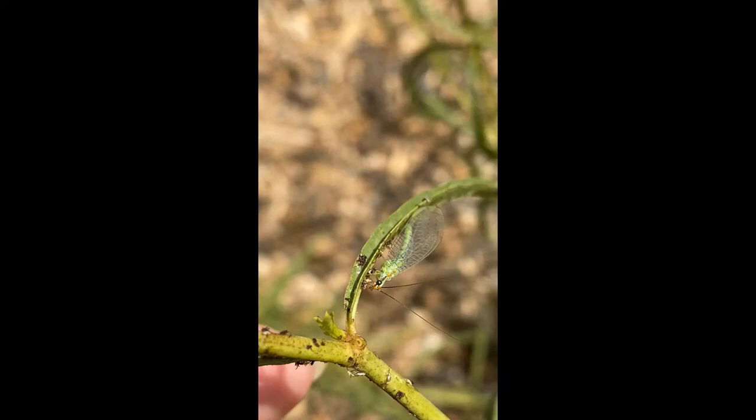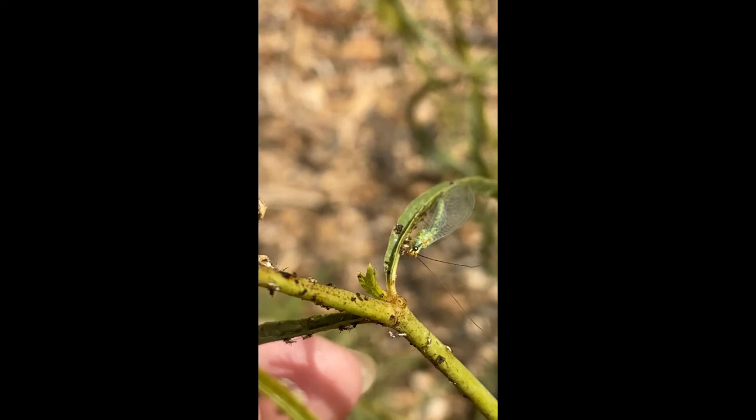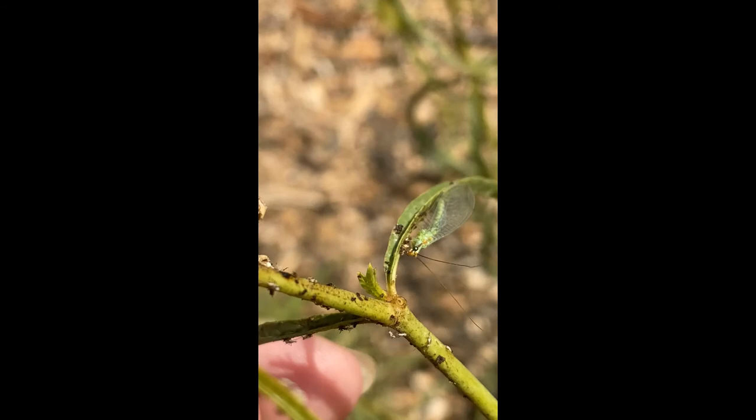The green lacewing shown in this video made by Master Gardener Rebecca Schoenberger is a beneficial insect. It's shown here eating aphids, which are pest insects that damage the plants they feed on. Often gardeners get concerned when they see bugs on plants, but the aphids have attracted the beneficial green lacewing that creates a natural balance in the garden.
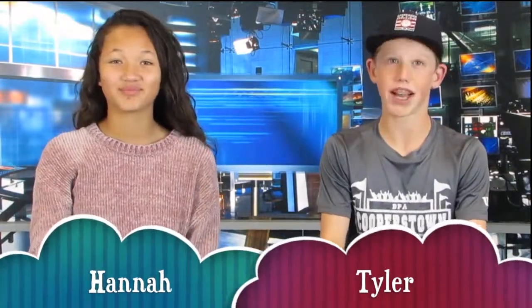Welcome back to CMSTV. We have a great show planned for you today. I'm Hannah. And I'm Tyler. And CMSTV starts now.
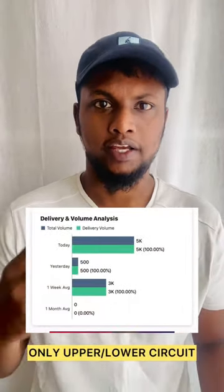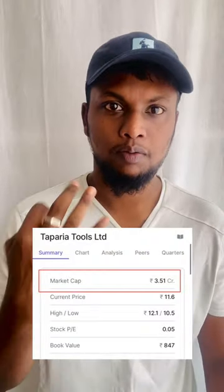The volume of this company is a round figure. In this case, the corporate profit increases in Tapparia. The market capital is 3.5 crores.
☆ ☆ ☆ ☆ ☆
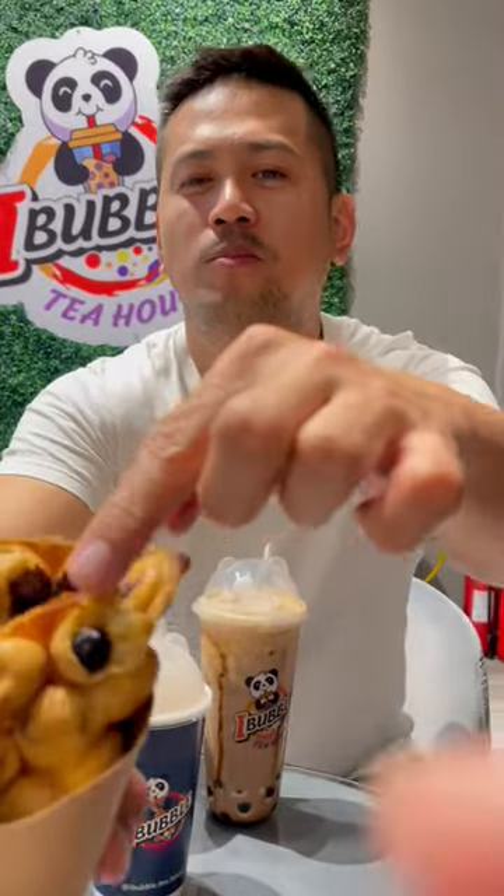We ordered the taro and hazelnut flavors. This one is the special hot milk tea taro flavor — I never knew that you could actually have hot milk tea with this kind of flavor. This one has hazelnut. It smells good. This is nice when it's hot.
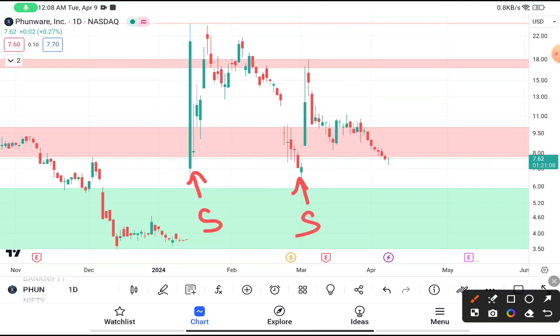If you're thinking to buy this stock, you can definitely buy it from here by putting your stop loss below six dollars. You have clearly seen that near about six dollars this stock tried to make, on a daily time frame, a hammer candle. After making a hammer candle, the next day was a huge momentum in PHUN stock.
☆ ☆ ☆ ☆ ☆
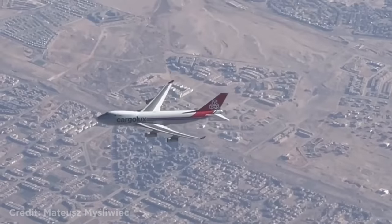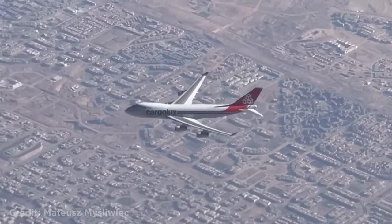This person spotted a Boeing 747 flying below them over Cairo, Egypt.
☆ ☆ ☆ ☆ ☆
Look above for the line containing "Welcome back to" and the line containing "The volume of", then reproduce both and everything between them exactly, pictures omitted.

### Written reply
Welcome back to CMSTV. We have a great show planned for you today. I'm Hannah. And I'm Tyler. And CMSTV starts now.
The volume of this company is a round figure. In this case, the corporate profit increases in Tapparia. The market capital is 3.5 crores.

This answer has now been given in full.